Incrível! Depois da longa preleção
sobre minhas intenções para nós dois e as vantagens que ele teria caso aceitasse
meu convite, fiz a pergunta fatídica. E ele poderia não aceitar? Mas antes de
obrigá-lo, me assegurei de ter explicado tin tin por tin tin.
Impressionantemente ele balançou a cabeça, afirmativo. Era o que eu precisava!
Guardei o presente e fui para trás do meu guarda roupa, finalizar o plano.
Será que era uma boa ideia envolver
meus irmãos naquilo? Não, não. Capaz que iam me atrapalhar. Eles eram muito
infantis para esse tipo de aventura. Tudo planejado, agora era só esperar o
melhor momento. Quem sabe sexta-feira à noite, não seria uma boa? Mamãe iria para
a reunião semanal da Sociedade Feminina, na igreja, e o papai, como não era de
ficar em casa, iria com ela. Perfeito. Depois que eles saíram e meus irmãos
foram jogar bola na rua, comecei a executar o plano. Estava nervosíssima e
tentava me convencer a todo custo de que aquilo não era desobediência. Como
poderia ser, se eles sequer sabiam o que eu estava fazendo? Desobediência era
só quando diziam para gente não fazer e a gente fazia. Não, aquilo
definitivamente não era desobediência. Era... bem, não consegui definir, mas
estava convencida de que desobediência não era. Continuei.

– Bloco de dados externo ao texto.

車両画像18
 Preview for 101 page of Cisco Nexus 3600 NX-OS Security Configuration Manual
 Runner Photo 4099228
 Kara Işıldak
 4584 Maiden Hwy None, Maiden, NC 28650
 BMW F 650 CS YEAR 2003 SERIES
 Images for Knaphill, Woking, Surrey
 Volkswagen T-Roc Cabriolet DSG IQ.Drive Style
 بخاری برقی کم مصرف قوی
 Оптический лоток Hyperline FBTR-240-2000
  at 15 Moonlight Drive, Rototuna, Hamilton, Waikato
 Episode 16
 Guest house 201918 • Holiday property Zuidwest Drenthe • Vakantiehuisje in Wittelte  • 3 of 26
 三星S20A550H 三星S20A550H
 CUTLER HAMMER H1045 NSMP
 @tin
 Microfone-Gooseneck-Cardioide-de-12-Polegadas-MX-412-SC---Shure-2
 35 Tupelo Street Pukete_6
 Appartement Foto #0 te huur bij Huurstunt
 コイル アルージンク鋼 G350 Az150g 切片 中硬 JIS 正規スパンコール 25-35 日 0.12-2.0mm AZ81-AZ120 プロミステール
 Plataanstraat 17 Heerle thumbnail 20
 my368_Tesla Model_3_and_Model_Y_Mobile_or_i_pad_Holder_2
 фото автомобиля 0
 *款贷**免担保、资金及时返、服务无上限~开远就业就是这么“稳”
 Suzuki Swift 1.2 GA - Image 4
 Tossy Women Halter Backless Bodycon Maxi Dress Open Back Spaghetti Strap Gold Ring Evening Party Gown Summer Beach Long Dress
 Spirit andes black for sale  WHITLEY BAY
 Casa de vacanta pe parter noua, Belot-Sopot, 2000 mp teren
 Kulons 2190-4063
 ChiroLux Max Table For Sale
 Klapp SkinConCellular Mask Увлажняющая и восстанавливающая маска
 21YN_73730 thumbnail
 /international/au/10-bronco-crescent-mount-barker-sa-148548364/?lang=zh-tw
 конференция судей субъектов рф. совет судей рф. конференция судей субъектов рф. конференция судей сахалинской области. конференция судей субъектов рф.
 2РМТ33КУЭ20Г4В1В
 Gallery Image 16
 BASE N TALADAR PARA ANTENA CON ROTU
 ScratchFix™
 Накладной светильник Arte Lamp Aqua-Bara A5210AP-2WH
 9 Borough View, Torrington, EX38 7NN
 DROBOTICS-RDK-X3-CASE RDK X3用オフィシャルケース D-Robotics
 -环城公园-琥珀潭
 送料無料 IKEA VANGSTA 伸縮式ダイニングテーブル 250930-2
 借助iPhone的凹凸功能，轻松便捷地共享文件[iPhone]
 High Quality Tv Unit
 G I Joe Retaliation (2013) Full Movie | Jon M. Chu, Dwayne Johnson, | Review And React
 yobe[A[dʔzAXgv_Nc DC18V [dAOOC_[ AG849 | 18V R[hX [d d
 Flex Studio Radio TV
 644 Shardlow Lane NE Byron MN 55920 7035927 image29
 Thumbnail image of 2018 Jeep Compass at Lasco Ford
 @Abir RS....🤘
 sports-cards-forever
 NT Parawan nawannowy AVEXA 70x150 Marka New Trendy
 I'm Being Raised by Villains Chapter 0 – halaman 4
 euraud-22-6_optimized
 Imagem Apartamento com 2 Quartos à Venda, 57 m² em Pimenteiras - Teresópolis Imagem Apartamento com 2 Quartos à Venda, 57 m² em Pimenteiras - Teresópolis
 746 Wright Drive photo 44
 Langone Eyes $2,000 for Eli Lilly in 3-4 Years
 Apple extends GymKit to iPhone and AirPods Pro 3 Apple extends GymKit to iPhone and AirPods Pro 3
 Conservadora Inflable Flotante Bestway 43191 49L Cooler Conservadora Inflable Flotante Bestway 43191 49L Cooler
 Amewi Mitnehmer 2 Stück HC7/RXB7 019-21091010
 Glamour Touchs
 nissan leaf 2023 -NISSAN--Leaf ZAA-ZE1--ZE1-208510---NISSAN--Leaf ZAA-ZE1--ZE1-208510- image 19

O plano era o seguinte: prender
a caixinha no pescoço do Jabuti, de modo que mesmo quando ele resolvesse entrar
em sua casa, a correntinha pudesse acompanhá-lo. Assim ele entenderia em que
velocidade deveria caminhar para vivermos aquelas aventuras inimagináveis pelo
mundo afora. Com passos firmes e decididos, peguei o objeto, deixei o saquinho
vazio na gaveta e fui na direção da cozinha. Subi numa cadeira para abrir o
ferrolho da folha superior da porta e acendi as luzes do quintal. Ali fiquei
alguns segundos ajoelhada na cadeira olhando a paisagem noturna. Me deu um medo
tão gigante que quase desisti. Aliás, nunca fui um exemplo de coragem, mas meu
intento era tão nobre e importante para a humanidade que eu não poderia me
deixar vencer por um medinho qualquer.
Desci da cadeira, abri o
resto da porta e saí. Puxei o espaldar da cadeira para impedir a porta de abrir
e o nosso cachorro sair correndo. Logo ele chegou perto de mim e me trouxe
segurança. Caminhamos decididos, de queixo erguido e olhar firme até o fundo do
quintal onde ficava o Jabuti. O cachorro quis brincar com ele, mas eu não
deixei dizendo que aquilo não era de brincadeira. Delicadamente bati na porta da
casa do Jabuti que se espreguiçou bem em câmera lenta. Foi aí que sem demora, dei
uma volta com a correntinha pelo pescoço na intenção de passar a caixinha por
dentro da última argola grande ao final da corrente. Impossível. Calculei muito
mal! E agora? Colocar a argola no pescoço do Jabuti? Mesmo assim, era preciso
fixar o corpo do objeto em algum lugar. Não dava pra deixar o Jabuti arrastando
aquilo para lá para cá. O jeito era improvisar. Quase explodi de satisfação
quando lembrei que na sua ida à rua a mainha tinha trazido uma cola bem forte e
que não era para menino mexer, pois colava até dente! Do mesmo jeito que aquilo
não era desobediência, eu não era menino. Portanto, eu poderia usar.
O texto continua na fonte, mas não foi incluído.